Review of Move Fast and Break Things, recommended by John. (We were talking about turpentine and the importance of something stinging in order to tell that it's working – also "if it hurt, do it more often" from Agile.)

Resource Regulator role:

How would we include Resource Regulator in any charts, if we did? A regulator constrains, by law, what some of the other parties do, in a context of enabling others. In other words, it sets rights and responsibilities. And we can't change these. These are jurisdictional. So a regulator is a sort of "god". It's out of band of the UMA protocol and Eve suggests it's also "out of band" of UMA legal because we can't affect regulatory/public law on any reasonable time scale.

Here's what we're doing in this subgroup:

  1. Building a legal framework...
  2. So that we can next build "toolkits" that are friction-reducing building blocks for various contractual mechanisms ("private law")...
  3. So that third parties can deploy UMA-enabled service systems in a manner consistent with protecting privacy rights using those contractual mechanisms that adhere to the laws and regulations ("public law") of their jurisdictions

Kathleen points out that in the case of HIEs, e.g. in Michigan, there's a kind of blending of private and public law – there's a contract made among HIE participants that includes 42 CFR Part 2 by value. But that was their choice; by-reference would have probably been better. (Hey, CommonAccord would have helped. (smile) )

Eve's proposal: We can influence interpretation of regulations (especially now when a lot of GDPR etc. guidance is being written), but let's keep "regulator" lowercase since we can't influence written regulations and laws directly. Consensus not to uppercase the Resource Regulator party role.

Roles and splitting:

We have roles that mostly stick to the existing UMA technical roles, with the exception of splitting Resource Subject and Resource Owner for now. Once we have some model contracts, we can add nuance in splitting roles. Our previous "party" terms of Authorization Server Operator, Resource Server Operator, and Client Operator weren't about splitting but just about acknowledging the different between "software entity" terms and "party to a contract" terms.

Trust frameworks and access federation:

The only ones we are familiar with that exist (that could potentially accommodate UMA-style – party-to-party – user-centric authorization and "consent directives", vs. just opt-in consent) already are trust frameworks for identity federations, except for the emerging Pan-Canadian Trust Framework and the very new health trust framework efforts that Kathleen has mentioned in the BSC context. The latter work puts the data under the patient's control under the "patient's right of access". There are liability shifts which would result in the motivation becoming stronger for appealing to individuals to ask for data for secondary-use purposes.
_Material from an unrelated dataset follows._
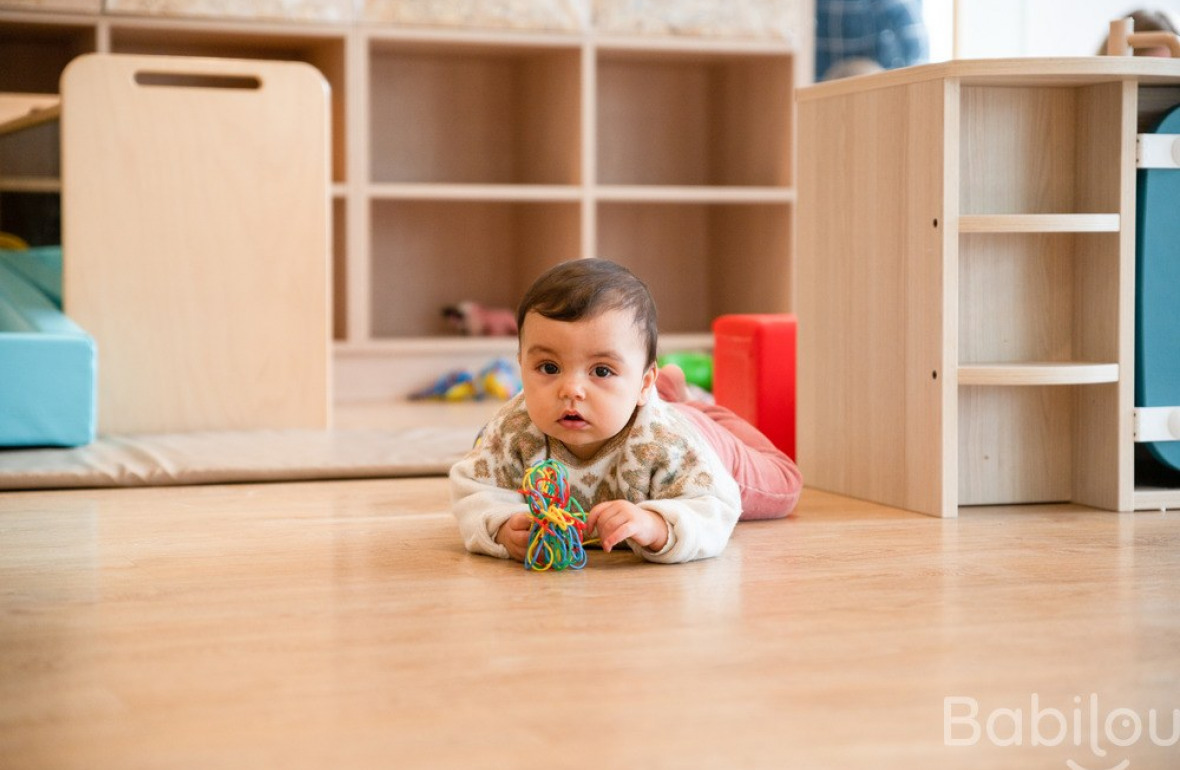 279-Creche-Babilou-Bondy-Liberte-5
Interesting situation: For a genome, there's more than just one data subject for the same data set!

(Should we be talking about reducing friction in "federating access" in UMA-enabled contracts and not yet talk about automation of true "access federations" a la Shibboleth-like automated onboarding of IdPs/RPs?)

Licensing as our legal model:

We need to use some well-understood legal model in our "private law" tools. Effectively there has to be some sort of cascade of rights that the RO gets. As Kathleen points out, the RS will only expose licensing rights that meet their business model. We hope that reducing friction to "doing the right thing".

Tokens:

There are three tokens that come into play:

  • Requesting party token (RPT) - required
    • The RqP is able to revoke this through the OAuth token revocation mechanism.
  • Protection API access token - required
    • The RO is able to revoke this through the OAuth token revocation mechanism.
  • Persisted claims token (PCT) - optional
    • The RqP is able to revoke this through the OAuth token revocation mechanism.